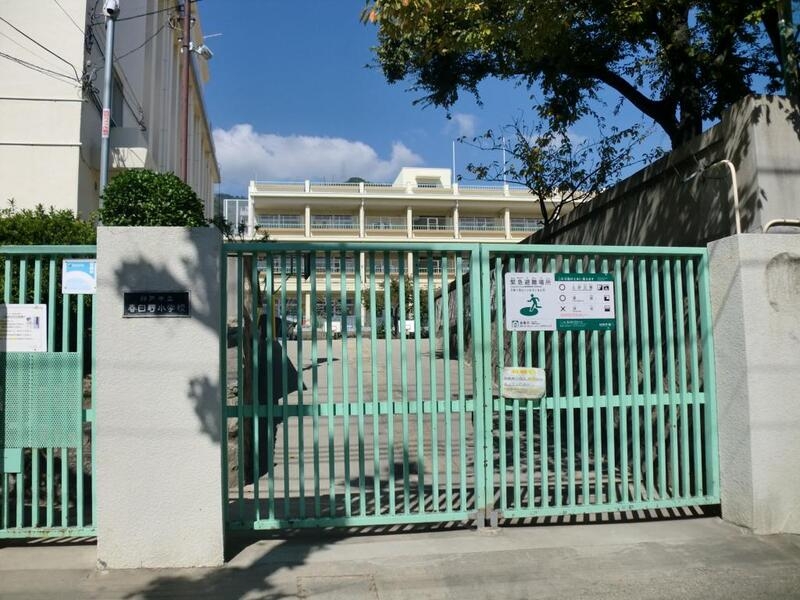 神戸市立春日野小学校 571m 神戸市立春日野小学校 571m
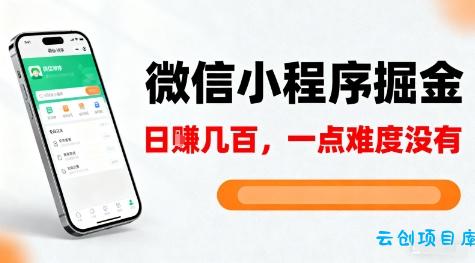 微信小程序掘金,5分钟就能学会上手操作,一点难度没有,日入几张【揭秘】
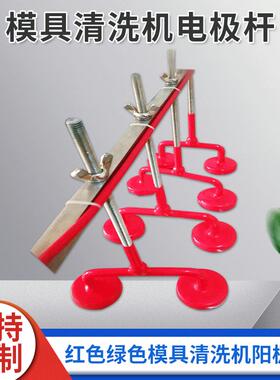现货M6/M8红色电解超声波模具电极杆组件电解电极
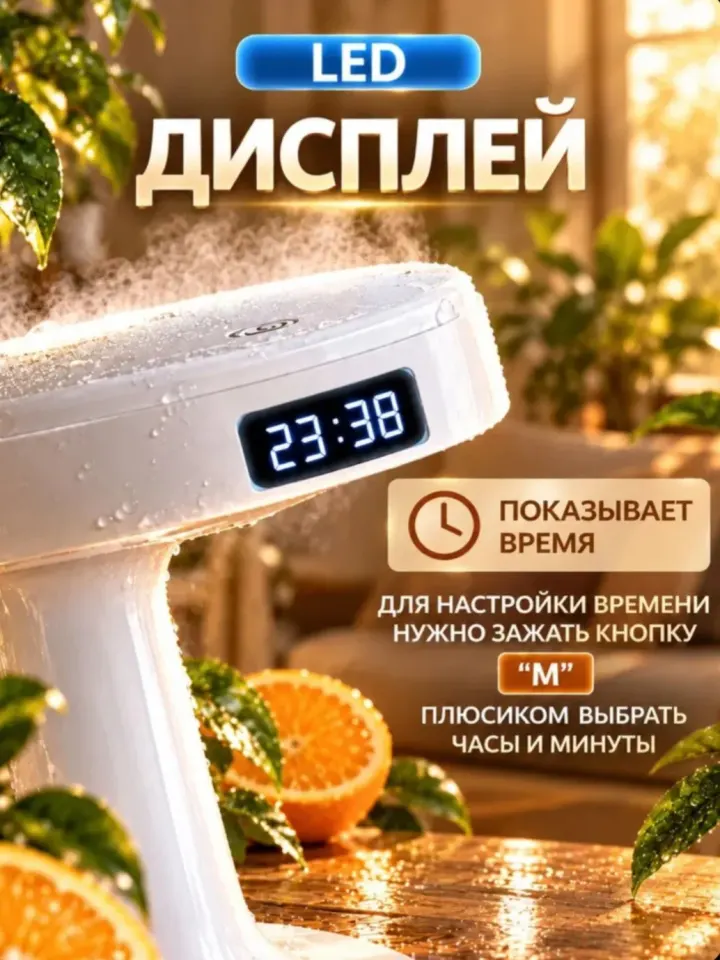 Фото из поста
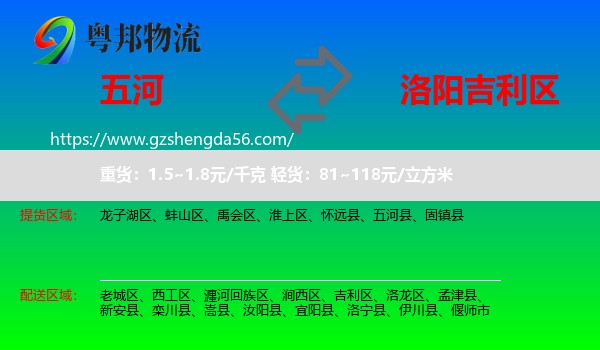五河县到吉利区物流专线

# [Exercise]
What you return should be all of the material above, exactly, and none of its pictures.

# [Task result]
 神戸市立春日野小学校 571m 神戸市立春日野小学校 571m
 微信小程序掘金,5分钟就能学会上手操作,一点难度没有,日入几张【揭秘】
现货M6/M8红色电解超声波模具电极杆组件电解电极
 Фото из поста
五河县到吉利区物流专线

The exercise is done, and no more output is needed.